Se denomina ‘brecha de la riqueza entre amigos’ y comienza a notarse hacia el final de la veintena y el inicio de la treintena, cuando una parte del grupo aumenta su poder adquisitivo y la otra no: es el principio del fin de muchas relaciones

Brecha de la riqueza entre amigos
Una colorida transacción económica entre dos personas, no sabemos si amigas o enemigas.We Are (Getty Images)

Quizás la situación pueda resultar familiar a más de uno y más de dos: sucede durante el ocaso de una cena de seis comensales en una coqueta terraza del distrito madrileño de Chamberí, que bien podría estar terminando en cualquier otra terraza de España. “¿Os apetece un postrecito?”, pregunta una joven echando una mirada golosa a la carta que un avispado camarero ha vuelto a dejar sobre la mesa. “Yo estoy llena, pero pedid vosotros”, responde otra. Piden. Se sirven dos tartas de queso para acompañar las copas de vino que, siendo optimistas, todavía están medio llenas. Cuando cinco de los seis comensales terminan el postre, se pide la cuenta. Ahí empieza la verdadera danza, un torpe baile donde cada cual busca salirse con la suya, a menudo sin tener en cuenta el ritmo de los demás, ni a quién le puedan estar apretando los zapatos. Lo natural, piensa una parte del grupo mientras abre la aplicación de la calculadora de su iPhone, es pagar a escote. “Yo solo he bebido agua”, dice Verónica, de 33 años, a sabiendas de que las botellas de vino ascienden a más de 50 euros y la botella de agua cuesta tan solo tres. “Y no tomé postre”, se aventura a añadir, conocedora de que esas tartas de queso tan de moda ahora, que se derraman sobre el plato, también son una derrama en la cuenta corriente.

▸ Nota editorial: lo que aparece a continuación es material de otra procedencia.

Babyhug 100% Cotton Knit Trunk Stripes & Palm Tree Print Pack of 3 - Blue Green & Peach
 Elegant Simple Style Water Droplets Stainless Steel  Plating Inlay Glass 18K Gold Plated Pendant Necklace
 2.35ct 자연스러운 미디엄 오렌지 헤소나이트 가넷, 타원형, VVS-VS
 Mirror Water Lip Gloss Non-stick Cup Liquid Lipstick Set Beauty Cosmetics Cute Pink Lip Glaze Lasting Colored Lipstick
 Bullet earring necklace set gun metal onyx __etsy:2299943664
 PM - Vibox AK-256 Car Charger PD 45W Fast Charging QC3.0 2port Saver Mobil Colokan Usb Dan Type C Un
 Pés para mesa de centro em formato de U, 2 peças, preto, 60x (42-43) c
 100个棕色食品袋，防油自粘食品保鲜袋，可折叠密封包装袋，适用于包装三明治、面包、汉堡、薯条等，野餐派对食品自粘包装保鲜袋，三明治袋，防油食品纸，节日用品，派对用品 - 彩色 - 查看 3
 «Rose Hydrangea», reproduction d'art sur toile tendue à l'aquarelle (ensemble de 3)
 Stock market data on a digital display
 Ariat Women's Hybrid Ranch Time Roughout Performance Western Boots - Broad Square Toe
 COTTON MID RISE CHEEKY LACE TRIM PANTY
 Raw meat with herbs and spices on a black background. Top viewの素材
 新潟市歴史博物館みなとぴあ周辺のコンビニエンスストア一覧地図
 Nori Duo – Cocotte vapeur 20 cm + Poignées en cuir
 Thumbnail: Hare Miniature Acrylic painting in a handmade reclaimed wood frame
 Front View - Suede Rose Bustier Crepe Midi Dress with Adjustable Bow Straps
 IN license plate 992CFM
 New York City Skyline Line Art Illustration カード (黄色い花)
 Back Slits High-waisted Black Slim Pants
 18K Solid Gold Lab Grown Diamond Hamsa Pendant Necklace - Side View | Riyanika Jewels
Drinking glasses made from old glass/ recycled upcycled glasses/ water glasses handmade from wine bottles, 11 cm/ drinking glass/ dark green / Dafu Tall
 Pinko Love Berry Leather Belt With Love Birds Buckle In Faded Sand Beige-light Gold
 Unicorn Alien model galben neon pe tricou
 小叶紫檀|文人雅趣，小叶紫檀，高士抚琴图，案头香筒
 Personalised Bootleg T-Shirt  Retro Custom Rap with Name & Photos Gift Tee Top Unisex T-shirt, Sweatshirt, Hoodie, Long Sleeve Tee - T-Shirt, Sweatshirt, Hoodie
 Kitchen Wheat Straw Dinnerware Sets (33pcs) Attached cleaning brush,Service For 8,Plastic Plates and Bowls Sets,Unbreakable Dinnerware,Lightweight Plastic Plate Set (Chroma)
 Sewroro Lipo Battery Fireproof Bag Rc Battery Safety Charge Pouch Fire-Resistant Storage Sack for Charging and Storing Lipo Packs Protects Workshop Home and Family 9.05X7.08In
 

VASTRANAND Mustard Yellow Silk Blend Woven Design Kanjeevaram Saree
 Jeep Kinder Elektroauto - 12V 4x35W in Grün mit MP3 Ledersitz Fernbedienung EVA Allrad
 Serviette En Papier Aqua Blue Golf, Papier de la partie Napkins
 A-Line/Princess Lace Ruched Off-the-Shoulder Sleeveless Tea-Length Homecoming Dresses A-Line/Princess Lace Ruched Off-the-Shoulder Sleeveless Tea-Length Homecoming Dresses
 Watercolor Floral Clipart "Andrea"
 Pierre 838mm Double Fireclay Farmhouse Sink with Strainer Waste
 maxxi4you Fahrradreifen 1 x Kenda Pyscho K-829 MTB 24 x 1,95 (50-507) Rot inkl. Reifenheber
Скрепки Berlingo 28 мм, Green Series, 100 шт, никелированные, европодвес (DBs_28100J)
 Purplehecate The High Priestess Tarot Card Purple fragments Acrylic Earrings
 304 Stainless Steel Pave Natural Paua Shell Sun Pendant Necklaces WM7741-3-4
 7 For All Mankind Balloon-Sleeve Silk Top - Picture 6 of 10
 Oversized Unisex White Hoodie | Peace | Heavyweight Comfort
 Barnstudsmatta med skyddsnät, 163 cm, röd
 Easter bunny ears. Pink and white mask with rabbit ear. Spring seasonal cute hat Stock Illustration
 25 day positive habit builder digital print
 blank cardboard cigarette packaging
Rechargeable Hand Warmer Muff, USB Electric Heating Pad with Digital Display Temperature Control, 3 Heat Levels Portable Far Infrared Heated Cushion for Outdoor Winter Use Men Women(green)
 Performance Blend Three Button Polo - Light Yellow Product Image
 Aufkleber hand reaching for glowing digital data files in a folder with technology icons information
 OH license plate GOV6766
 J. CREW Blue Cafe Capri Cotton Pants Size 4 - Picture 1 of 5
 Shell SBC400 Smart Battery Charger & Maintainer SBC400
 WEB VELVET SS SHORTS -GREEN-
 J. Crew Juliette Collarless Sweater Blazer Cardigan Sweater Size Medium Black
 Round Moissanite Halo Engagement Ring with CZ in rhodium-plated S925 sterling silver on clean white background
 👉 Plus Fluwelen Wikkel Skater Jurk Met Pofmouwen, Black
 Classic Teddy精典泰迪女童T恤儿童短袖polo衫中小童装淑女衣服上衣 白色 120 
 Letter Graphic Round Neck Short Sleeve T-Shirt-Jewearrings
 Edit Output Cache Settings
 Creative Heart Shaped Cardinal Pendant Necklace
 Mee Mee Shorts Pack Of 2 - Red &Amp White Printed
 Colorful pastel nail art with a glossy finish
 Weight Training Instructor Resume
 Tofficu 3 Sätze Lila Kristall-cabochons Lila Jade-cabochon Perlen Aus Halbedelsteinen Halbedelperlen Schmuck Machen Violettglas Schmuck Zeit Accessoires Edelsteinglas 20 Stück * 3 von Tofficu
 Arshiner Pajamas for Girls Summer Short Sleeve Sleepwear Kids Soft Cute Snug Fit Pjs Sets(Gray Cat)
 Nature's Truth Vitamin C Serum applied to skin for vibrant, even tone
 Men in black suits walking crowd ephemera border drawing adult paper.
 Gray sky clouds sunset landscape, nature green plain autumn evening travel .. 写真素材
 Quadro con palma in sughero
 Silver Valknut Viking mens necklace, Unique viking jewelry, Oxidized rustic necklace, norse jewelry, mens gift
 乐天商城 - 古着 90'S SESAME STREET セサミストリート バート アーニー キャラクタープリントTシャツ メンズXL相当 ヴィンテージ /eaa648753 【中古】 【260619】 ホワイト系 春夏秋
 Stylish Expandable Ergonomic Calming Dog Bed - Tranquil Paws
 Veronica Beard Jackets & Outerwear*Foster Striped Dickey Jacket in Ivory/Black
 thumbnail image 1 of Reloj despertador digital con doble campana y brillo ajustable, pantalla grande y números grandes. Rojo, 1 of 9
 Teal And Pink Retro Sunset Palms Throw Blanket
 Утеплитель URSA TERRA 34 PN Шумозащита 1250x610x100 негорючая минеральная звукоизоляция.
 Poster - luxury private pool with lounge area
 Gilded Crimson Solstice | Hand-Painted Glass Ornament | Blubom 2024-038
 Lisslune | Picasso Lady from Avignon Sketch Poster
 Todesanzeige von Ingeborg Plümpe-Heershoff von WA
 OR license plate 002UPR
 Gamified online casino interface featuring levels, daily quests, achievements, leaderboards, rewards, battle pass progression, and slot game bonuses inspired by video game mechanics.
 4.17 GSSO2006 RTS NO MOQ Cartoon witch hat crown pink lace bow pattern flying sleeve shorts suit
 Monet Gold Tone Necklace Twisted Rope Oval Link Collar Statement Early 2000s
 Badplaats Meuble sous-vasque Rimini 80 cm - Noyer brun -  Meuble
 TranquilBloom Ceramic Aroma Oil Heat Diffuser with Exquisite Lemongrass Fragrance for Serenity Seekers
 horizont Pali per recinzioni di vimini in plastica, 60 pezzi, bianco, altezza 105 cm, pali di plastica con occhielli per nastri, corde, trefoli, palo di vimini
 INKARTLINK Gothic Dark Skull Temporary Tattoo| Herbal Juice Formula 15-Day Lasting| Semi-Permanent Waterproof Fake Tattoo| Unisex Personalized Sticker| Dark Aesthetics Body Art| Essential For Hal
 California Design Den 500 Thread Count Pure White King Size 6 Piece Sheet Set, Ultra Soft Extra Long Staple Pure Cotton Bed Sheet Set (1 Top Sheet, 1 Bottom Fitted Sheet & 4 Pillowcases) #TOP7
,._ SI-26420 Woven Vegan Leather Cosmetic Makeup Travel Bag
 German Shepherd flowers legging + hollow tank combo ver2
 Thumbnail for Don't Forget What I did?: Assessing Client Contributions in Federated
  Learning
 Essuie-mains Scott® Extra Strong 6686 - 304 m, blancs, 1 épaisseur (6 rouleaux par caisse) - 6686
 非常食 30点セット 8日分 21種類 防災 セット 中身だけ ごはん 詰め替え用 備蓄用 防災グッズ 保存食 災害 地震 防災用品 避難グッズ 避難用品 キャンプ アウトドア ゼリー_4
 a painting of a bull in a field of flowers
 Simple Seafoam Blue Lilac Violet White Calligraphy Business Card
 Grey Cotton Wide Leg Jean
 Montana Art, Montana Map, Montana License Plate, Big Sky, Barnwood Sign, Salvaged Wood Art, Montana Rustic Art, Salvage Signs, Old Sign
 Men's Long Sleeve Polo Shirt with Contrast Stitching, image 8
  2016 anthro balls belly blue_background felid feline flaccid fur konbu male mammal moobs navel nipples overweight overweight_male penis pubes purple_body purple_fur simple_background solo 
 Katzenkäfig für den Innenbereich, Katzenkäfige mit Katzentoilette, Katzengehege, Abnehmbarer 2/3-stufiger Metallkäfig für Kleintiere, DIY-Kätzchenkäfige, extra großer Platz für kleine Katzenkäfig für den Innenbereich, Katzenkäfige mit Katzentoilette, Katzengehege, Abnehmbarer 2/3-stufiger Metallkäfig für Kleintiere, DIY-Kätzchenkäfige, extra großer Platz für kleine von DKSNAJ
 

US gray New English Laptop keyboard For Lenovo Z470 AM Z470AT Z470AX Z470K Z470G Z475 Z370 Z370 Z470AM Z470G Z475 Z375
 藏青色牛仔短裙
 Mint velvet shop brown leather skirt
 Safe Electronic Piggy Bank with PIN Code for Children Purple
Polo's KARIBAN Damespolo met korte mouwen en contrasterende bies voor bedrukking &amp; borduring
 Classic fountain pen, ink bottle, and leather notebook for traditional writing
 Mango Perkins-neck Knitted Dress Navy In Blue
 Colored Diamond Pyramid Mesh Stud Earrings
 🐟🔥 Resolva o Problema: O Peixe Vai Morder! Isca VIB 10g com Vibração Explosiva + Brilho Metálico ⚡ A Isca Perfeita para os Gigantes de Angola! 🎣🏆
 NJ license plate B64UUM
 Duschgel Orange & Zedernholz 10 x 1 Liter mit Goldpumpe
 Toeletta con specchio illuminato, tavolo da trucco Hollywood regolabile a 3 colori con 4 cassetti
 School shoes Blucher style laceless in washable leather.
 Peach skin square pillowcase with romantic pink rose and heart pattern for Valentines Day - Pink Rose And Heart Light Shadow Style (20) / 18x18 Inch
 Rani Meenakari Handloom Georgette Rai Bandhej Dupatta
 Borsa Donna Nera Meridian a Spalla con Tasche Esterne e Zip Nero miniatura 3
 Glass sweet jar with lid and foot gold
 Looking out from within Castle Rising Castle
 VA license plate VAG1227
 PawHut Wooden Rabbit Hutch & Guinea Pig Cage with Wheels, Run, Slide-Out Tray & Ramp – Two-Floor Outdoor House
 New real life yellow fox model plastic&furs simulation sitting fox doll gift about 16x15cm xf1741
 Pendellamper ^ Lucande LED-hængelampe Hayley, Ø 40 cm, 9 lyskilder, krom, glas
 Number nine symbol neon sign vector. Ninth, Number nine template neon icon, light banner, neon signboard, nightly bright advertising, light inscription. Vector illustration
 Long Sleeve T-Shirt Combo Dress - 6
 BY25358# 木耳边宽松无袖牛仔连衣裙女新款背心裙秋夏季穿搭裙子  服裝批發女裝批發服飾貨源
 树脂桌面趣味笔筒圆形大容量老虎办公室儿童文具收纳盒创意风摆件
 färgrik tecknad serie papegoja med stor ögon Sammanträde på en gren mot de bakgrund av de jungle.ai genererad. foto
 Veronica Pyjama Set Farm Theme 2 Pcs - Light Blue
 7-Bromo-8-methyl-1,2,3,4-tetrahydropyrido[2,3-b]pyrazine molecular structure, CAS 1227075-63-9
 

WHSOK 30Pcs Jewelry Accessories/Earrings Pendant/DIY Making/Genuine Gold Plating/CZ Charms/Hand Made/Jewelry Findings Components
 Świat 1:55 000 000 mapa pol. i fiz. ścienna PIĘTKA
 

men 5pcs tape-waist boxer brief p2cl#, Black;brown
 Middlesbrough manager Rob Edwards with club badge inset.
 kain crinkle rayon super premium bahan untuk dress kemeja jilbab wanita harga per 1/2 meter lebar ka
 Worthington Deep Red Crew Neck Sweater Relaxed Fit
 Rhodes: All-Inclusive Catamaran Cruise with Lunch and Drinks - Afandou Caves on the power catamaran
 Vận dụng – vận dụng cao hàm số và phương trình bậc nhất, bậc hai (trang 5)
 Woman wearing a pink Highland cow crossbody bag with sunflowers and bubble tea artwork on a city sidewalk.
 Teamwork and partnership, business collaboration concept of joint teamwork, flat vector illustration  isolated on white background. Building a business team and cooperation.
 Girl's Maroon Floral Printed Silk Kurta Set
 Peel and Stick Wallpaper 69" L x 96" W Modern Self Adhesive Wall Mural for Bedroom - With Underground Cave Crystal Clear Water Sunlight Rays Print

Verónica no sabe qué piensan sus amigos, pero sí ha trabajado mucho en lo que piensa ella de toda la situación: “Me siento la aguafiestas del grupo, parece que en cada cena tengo que ser yo la que alce la voz para no pagar más de lo que me toca y me molesta que la historia se repita cada vez, como si nadie fuese capaz de empatizar conmigo”. Verónica trabaja en publicidad y no llega a los 22.000 euros al año, su sueldo mensual es de 1.400 euros, tiene una habitación en un piso compartido, por el que paga 450 euros y vive en Madrid. Llega a final de mes “justa”, aunque reconoce que su situación no es de las peores que tiene alrededor, pero sí encuentra una diferencia “abismal” entre su grupo de amigos y ella: calcula que ellos tienen sueldos de entre 40.000 y 60.000 euros. Para ahorrarse también estos malos tragos, Verónica a veces acude al café o a las copas después de una comida. Otras veces ni siquiera asiste. “Me autoexcluyo de muchos planes, porque a veces me siento culpable solo por ir, como si sintiera que el resto estuviera pensando: ‘Si no puedes pagarlo, para qué vienes”. Las vacaciones con esos amigos ya son solo fotografías, souvenirs y recuerdos. Y, poco a poco, la brecha económica que existe entre sus amigos y ella se convierte en un boquete real: a un lado, quedan aquellos con dinero, al otro, los amigos sin.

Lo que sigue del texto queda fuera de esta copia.